The marginal increase was lower than expected but nonetheless took the official number of unemployed Australians to 1,009,400 people – the first time there has ever been more than one million people out of work, available to work and actively looking for work.
Meanwhile, full-time employment rose by 43,500 people over the month and part-time employment increased by 71,200 people, according to the Australian Bureau of Statistics.
As a result, the number of employed Australians rose by 114,700 people, which was better than expected.
ANZ bank had predicted the unemployment rate to jump to 7.7 per cent and employment to rise by 60,000 people, while Commonwealth Bank had tipped unemployment to reach 7.9 per cent and employment to increase by 50,000 people.
But the large rise in jobs didn’t translate into a lower unemployment rate, as the number of people counted in the labour force also increased.
This is because more people started actively looking for work – with the participation rate consequently increasing 0.6 percentage points to 64.7 per cent.

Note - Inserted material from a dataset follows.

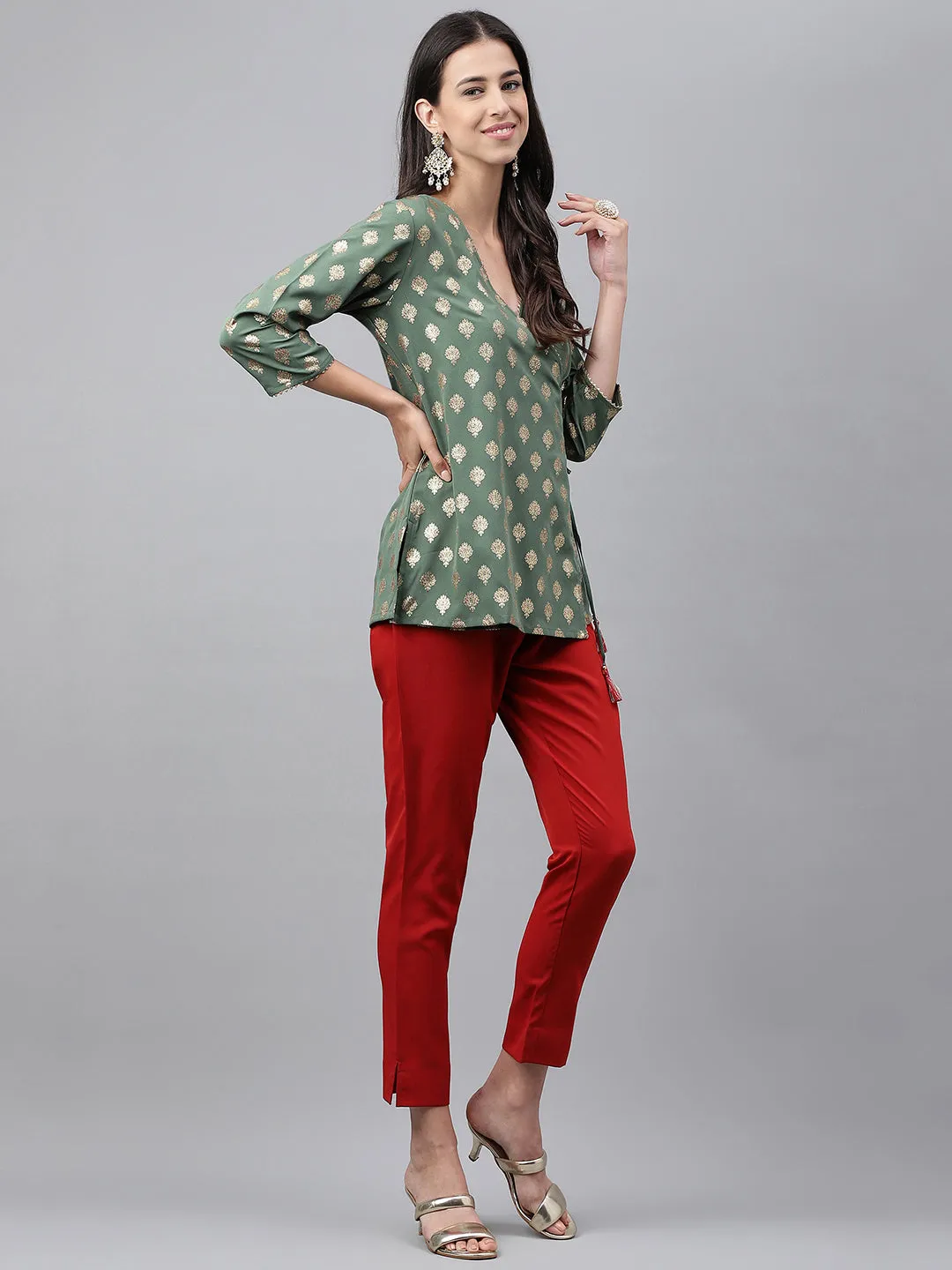 Green Crepe Foil Printed Angrakha Co-Ord Set
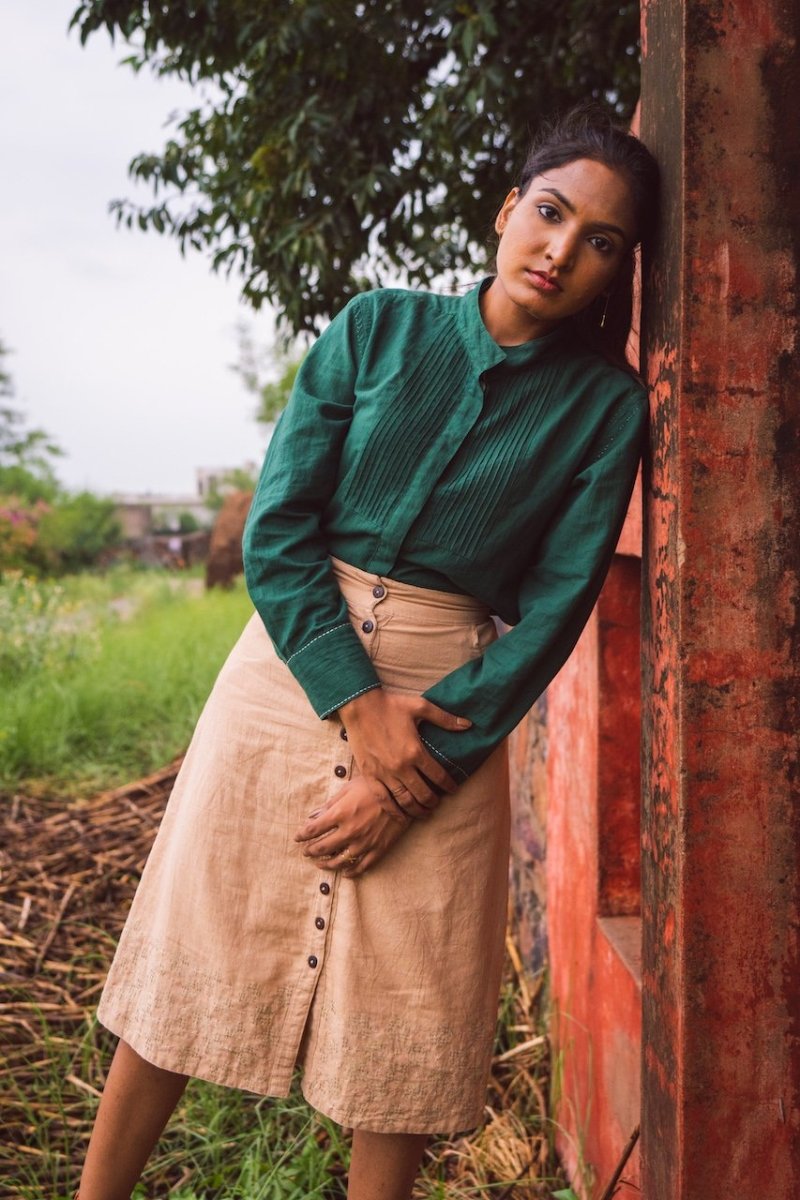 Buy Pintuck Shirt | Shop Verified Sustainable Womens Shirt on Brown Living™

And economists said the data didn’t capture the full effects of Melbourne’s tougher lockdown, either.
“The reality is that the reimposition of stage 3 restrictions on businesses and households in Victoria in early July would have resulted in a new round of job losses,” CBA head of Australian economics Gareth Aird said before the figures were released.
“But the timing of the survey and also issues around how the ABS classifies people mean that people stood down in early July will be considered employed in July.

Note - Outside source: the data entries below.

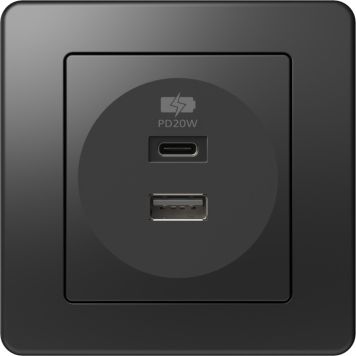 VÄGGUTTAG TEM USB A+B SVART 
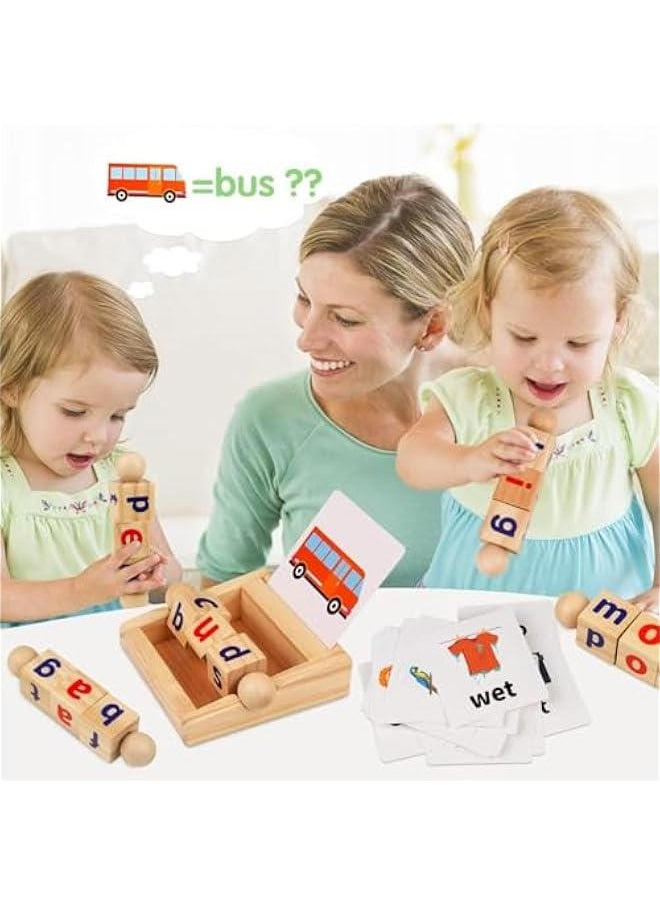 Montessori Toys for Toddlers 2 3 4 Years Old Wooden Reading Blocks Flash Cards Rotating Matching Letters Toy for Kids Educational Alphabet Learning Toys for Preschool Boys Girls
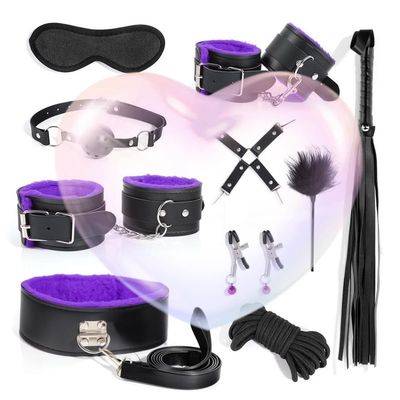 10 Piece Leather Couple Fitness Training Set, Multifunctional Hand and Foot Exercise Adjustable Cuff Accessories, Portable, Original Gift (Purple)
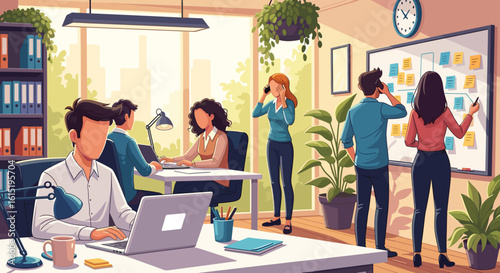 Modern office workers collaborating, perfect for website banners or business brochures.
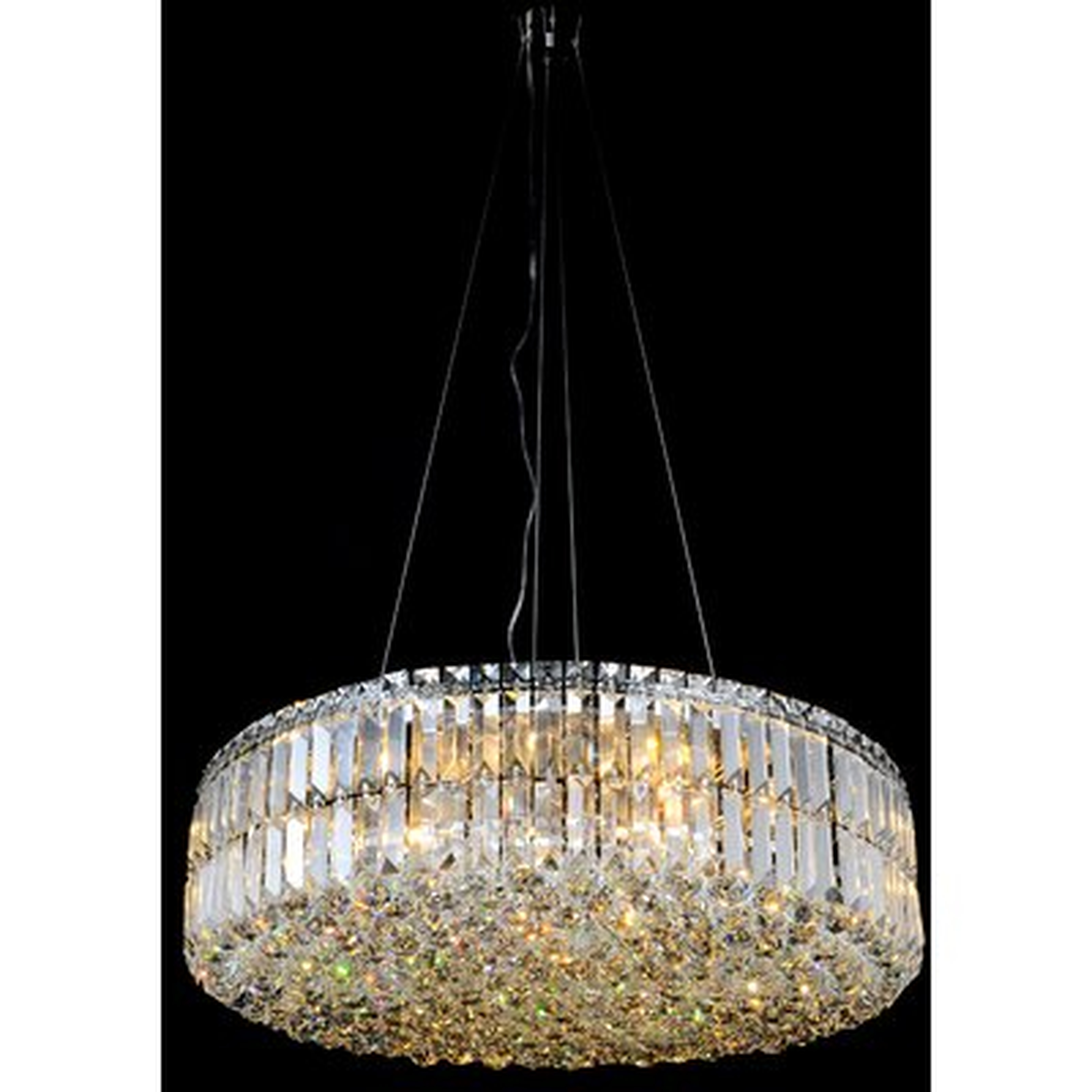 Willowick 12 - Light Unique / Statement Drum Chandelier with Crystal Accents - Wayfair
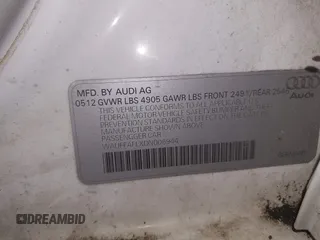 2013 Audi A4 Premium Plus with VIN WAUFFAFLXDN006944, listed as a IAAI auction lot 42787221 with 154,076 mi miles and . Bid and sale history available at DreamBid. Image 9.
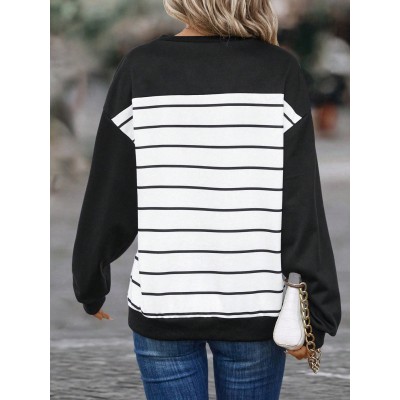 Striped Print Drop Shoulder Button Detail Sweatshirt - Choose Your Size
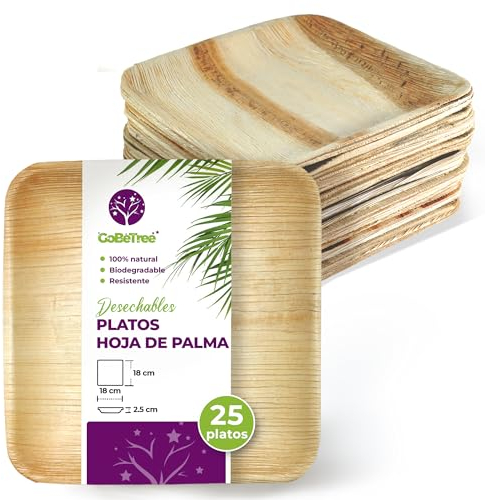GoBeTree Platos Desechables de Hoja de Palma 25 Platos Cuadrados de 18 cm. Vajilla para barbacoas, picnic y Fiesta de cumpleaños, Similar al bambú, más fuerte que platos de papel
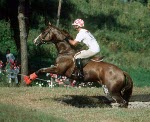 Canada's Nicholas Holmes-Smith rides Espionage in the equestrian event at the 1988 Olympic games in Seoul. (CP PHOTO/ COA/ C. McNeil)
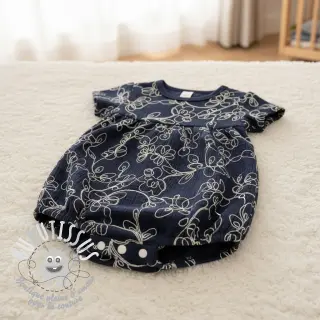 Tissu double gaze/mousseline EMBROIDERY Climbing flowers navy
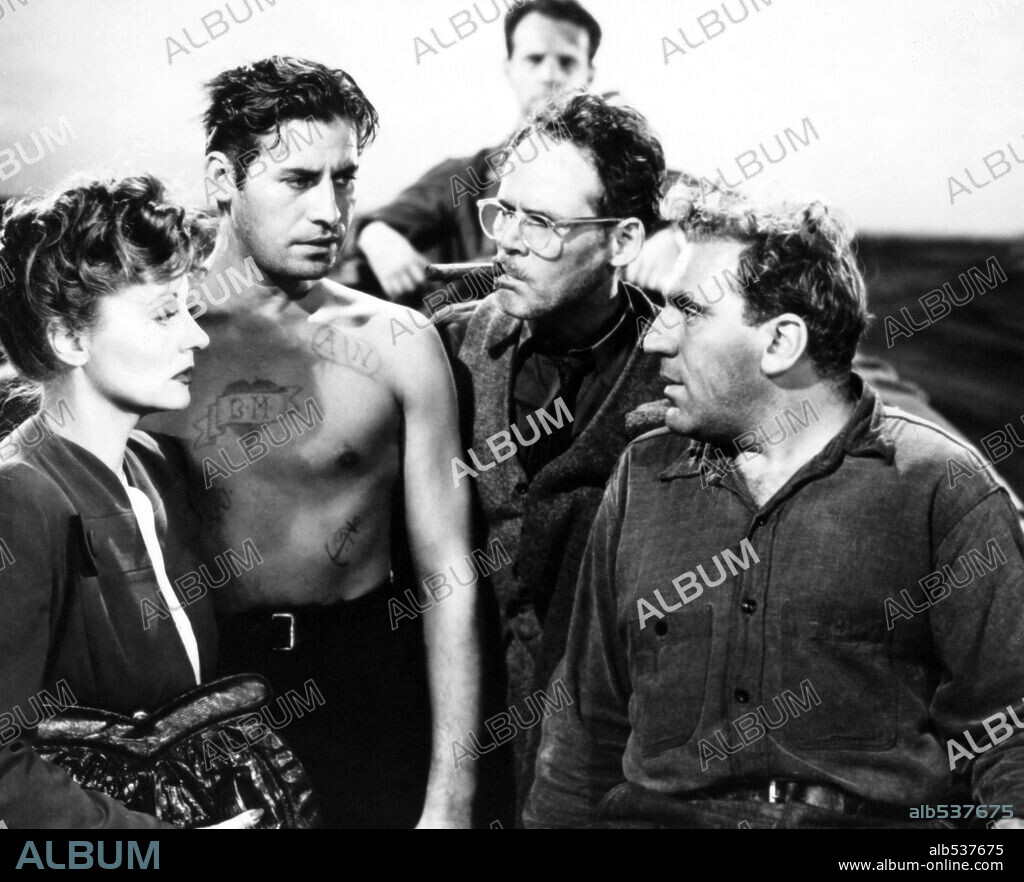 HENRY HULL, JOHN HODIAK, TALLULAH BANKHEAD and WILLIAM BENDIX in LIFEBOAT, 1944, directed by ALFRED HITCHCOCK. Copyright 20TH CENTURY FOX.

“As we have flagged previously, the ABS classifies a person as employed if they were stood down but had been paid for some part of the previous four weeks.
“This means there can be a lag from when somebody loses a job to when they are no longer considered employed.”
The survey’s reference weeks are between 28 June and 11 July, which means that anyone stood down after Melbourne re-entered Stage 3 restrictions on July 8 is likely to be counted as employed in this release.
Separate analysis by ANZ bank predicts 90,000 workers will lose their jobs by the end of September as a result of the move to Stage 4 restrictions on August 5 – and the Reserve Bank and Treasury both predict unemployment will reach 10 per cent before the end of the year.
But there was some good news buried in the ABS release.
The underemployment rate – which measures the number of people who would like to work more hours than they currently are – decreased by 0.5 percentage points to 11.2 per cent, and the number of hours worked across the economy rose by 1.3 per cent.
EY chief economist Jo Masters said the easing of restrictions in most parts of the country was helping people get back to work.
“However, it’s important to remember that this is improvement after a devastating blow and there are now 1 million Australians without a job. Looking forward, conditions in the labour market are set to remain challenging,” she added.
The data also shows that female employment and hours worked have risen by more than male employment over the last two months – helping to reverse the gendered impact of the first wave of lockdowns.